Feininger verkörperte das romantische Bild des zurückgezogenen Künstlers. Obwohl er die lichtdurchflutete Architektur mit ihren großflächigen Fenstern und Glasbändern entlang des Treppenhauses schätzte, sah er auch die Schattenseiten. Der wachsende Ruhm der Bauhaussiedlung zog immer mehr Besucher an – sehr zum Ärger des Künstlers:
„Der Sonntag ist mir ein gefürchteter Tag schon ohnehin, aber diese Menschen, die unablässig von früh bis spät vorbeischlendern und vor unseren Häusern glotzend stehen bleiben!“

Dem ordnungsliebenden Künstler, der als einziger seiner Nachbarn nicht mehr aktiv am Bauhaus lehrte, gefiel der Stil des Hauses mit seinen, wie er sagte, nur noch „lockeren, eher atmosphärisch zu bestimmenden Relationen“ zum Bauhaus. Feininger nahm die reduzierte Architektur an, ergänzte sie aber durch persönliche Akzente, die nicht immer dem Bauhaus-Ideal entsprachen. Erhaltene Fotografien zeigen opulente Sessel und Perserteppiche, kombiniert mit Möbeln, die Bauhaus-Kollegen entworfen hatten.
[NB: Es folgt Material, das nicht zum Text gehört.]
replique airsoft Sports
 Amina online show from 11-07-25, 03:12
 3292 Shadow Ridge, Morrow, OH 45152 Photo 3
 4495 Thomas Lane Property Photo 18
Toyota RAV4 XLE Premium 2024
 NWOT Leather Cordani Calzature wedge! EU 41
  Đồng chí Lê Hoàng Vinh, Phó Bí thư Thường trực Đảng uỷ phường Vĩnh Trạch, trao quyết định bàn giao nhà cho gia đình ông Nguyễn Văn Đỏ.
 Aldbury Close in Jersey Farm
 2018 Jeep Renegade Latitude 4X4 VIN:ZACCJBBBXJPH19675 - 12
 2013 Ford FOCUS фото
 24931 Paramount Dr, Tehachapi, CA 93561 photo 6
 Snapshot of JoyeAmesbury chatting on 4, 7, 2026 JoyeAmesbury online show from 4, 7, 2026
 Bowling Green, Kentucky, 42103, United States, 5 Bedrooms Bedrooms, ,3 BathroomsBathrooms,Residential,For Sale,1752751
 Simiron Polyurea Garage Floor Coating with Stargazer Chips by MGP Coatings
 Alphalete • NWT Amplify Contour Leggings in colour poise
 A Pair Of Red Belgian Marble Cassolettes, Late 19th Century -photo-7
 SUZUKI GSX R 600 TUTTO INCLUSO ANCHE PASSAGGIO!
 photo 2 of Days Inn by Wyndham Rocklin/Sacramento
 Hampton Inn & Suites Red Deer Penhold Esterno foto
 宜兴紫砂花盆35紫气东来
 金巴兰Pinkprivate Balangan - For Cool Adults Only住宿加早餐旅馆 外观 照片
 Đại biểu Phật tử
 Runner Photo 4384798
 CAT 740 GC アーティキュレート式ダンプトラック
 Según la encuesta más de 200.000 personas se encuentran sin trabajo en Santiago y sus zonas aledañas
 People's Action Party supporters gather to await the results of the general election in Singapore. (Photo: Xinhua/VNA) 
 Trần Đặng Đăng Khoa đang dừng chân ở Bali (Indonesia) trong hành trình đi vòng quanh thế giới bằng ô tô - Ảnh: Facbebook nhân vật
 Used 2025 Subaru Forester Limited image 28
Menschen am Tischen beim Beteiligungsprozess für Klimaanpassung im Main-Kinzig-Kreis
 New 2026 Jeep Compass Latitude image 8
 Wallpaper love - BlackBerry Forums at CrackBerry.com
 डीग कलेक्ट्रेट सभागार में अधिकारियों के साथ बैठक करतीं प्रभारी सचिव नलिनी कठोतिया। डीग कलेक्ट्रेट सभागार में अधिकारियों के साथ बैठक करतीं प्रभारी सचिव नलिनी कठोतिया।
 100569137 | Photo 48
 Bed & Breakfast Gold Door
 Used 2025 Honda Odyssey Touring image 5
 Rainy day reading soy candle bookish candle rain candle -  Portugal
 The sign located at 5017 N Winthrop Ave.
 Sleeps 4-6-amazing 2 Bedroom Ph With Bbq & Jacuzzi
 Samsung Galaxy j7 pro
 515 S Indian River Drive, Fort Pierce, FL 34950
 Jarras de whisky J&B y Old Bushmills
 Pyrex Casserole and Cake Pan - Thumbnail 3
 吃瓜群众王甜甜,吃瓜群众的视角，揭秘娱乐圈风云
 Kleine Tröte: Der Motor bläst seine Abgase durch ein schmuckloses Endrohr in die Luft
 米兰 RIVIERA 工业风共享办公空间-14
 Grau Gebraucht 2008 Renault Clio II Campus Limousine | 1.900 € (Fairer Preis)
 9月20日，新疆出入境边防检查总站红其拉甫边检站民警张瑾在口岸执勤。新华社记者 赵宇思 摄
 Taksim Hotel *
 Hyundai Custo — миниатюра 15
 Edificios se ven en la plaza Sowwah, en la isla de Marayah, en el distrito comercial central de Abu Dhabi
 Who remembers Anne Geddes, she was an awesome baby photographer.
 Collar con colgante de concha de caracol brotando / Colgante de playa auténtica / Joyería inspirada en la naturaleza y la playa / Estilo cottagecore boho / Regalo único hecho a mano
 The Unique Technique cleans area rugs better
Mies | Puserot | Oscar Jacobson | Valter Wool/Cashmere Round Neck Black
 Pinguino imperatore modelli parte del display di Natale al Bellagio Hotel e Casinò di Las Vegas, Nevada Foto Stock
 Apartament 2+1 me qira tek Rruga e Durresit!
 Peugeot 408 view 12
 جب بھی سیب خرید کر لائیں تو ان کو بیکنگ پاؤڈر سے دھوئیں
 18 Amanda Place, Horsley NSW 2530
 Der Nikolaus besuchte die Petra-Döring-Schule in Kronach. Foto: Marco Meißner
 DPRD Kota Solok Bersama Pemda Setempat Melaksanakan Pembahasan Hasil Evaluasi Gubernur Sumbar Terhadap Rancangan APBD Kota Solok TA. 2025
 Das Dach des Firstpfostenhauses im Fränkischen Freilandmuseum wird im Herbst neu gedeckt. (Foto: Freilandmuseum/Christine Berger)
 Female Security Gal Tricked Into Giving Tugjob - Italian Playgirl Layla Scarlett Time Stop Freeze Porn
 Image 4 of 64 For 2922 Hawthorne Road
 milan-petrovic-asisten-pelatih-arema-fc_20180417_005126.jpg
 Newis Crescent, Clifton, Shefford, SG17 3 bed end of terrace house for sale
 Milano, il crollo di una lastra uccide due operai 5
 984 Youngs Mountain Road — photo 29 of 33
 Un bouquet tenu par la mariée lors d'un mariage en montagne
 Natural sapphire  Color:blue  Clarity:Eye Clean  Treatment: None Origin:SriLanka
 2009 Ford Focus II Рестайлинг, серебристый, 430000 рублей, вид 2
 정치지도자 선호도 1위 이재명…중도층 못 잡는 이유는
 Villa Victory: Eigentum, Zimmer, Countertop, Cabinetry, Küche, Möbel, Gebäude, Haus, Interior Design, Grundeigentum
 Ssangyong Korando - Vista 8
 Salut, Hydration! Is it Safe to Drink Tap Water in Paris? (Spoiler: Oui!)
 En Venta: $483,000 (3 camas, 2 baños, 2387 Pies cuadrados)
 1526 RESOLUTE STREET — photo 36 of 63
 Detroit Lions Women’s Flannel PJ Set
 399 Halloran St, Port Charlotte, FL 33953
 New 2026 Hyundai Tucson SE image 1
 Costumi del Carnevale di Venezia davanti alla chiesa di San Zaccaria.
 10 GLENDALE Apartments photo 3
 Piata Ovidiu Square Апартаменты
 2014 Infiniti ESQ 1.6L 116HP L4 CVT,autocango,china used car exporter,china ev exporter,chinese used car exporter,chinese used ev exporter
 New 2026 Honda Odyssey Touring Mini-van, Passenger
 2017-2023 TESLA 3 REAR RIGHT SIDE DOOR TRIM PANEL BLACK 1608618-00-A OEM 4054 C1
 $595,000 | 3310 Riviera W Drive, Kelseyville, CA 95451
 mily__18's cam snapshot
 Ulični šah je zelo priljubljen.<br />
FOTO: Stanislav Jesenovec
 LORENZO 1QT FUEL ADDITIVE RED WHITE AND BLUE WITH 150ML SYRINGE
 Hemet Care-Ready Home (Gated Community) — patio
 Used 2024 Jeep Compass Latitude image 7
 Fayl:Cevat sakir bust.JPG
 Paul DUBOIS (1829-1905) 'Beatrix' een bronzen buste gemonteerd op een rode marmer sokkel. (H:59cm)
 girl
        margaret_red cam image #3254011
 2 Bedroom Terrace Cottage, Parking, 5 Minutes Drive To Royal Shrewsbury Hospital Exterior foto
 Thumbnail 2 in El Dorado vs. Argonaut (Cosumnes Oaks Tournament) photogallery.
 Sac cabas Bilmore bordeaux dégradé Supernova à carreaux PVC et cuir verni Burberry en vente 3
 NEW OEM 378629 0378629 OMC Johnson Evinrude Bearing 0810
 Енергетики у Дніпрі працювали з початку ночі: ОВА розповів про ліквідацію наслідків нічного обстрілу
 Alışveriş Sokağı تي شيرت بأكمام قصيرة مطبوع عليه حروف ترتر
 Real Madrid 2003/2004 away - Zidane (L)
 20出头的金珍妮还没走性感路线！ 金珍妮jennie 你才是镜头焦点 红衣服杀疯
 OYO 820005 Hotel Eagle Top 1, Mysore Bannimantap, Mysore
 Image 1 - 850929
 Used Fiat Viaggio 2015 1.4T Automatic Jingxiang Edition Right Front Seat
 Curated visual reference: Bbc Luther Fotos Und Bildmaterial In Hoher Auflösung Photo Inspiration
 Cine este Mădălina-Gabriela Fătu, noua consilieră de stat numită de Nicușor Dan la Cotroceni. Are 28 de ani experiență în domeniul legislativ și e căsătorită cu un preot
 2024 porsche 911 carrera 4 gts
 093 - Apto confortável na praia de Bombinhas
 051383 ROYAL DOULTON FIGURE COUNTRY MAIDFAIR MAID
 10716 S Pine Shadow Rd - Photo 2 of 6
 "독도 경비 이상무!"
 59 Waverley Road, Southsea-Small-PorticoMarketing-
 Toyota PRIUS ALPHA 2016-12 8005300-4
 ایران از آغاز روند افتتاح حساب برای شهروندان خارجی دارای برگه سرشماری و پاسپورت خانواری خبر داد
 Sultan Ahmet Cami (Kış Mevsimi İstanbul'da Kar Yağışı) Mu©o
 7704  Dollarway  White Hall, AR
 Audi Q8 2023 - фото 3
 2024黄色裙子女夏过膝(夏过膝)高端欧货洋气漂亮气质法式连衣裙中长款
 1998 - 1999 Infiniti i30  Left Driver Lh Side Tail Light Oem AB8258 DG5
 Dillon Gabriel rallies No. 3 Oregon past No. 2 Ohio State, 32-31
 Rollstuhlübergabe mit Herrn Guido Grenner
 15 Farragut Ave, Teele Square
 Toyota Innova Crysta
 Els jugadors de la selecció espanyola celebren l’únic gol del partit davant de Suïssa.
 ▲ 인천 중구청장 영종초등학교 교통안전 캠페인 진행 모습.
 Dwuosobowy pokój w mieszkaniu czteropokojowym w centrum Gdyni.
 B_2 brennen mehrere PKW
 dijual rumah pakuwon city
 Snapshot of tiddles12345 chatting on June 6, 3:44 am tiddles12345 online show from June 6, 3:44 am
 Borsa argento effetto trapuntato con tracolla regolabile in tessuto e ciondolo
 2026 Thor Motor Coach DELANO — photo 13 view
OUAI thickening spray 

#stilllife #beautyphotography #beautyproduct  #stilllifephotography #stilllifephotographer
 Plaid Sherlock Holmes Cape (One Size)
Im Vergleich zu seinen Nachbarn war Feiningers Individualität jedoch zurückhaltender ausgeprägt. Das Feininger-Haus wirkte trotz eigenwilliger Details als Prototyp des Neuen Bauens – ruhig, fast abstrakt. Verspielter, vor allem im Umgang mit Farbe, waren dagegen die Häuser von Kandinsky und Klee. Klee mischte Pigmente für seine Wandfarben selbst, während Kandinsky Farben nach musikalischen Prinzipien auswählte. So nutzten die Meister ihre Räume auf individuelle Weise und prägten damit den Charakter der Häuser im Inneren.

Künstlerkommune im Widerspruch zum Bauhausstil

Obwohl Gropius betonte, die Meisterhäuser seien keine Paläste, sondern Lebensräume, offenbart die Anlage doch einen Widerspruch: zwischen der Idee einer unprätentiösen, schmucklosen Architektur und der künstlerisch geprägten, teils luxuriösen Inneneinrichtung ihrer Bewohner. 

Die Meisterhäuser verkörpern weniger das Konzept des Reihenhauses als vielmehr den Typus einer modernen Villa – mit großzügigen Ateliers und Räumen für Dienstmädchen oder Hausmeister. Typische Bauelemente nach den Grundsätzen von Gropius fanden sich eher in der zeitgleich errichteten Siedlung Dessau-Törten.

Nur sechs Jahre lang – von 1926 bis 1932 – lebte die Familie Feininger in Dessau. Danach wurde das Haus wie viele andere Meisterhäuser zweckentfremdet, im Krieg beschädigt und erst Jahrzehnte später restauriert. Heute gilt es als Musterbeispiel des modernen Wohnens im Geist des Bauhauses – und zugleich als Ausdruck persönlicher Freiheit innerhalb eines klaren Systems.

Feiningers Haus bleibt in seiner stillen Strenge und zugleich wohnlichen Wärme ein Symbol für das Spannungsfeld zwischen Funktion und Gefühl, zwischen Konstruktivität und künstlerischer Individualität – ein Ort, an dem die Idee des Bauhauses menschliche Gestalt annahm.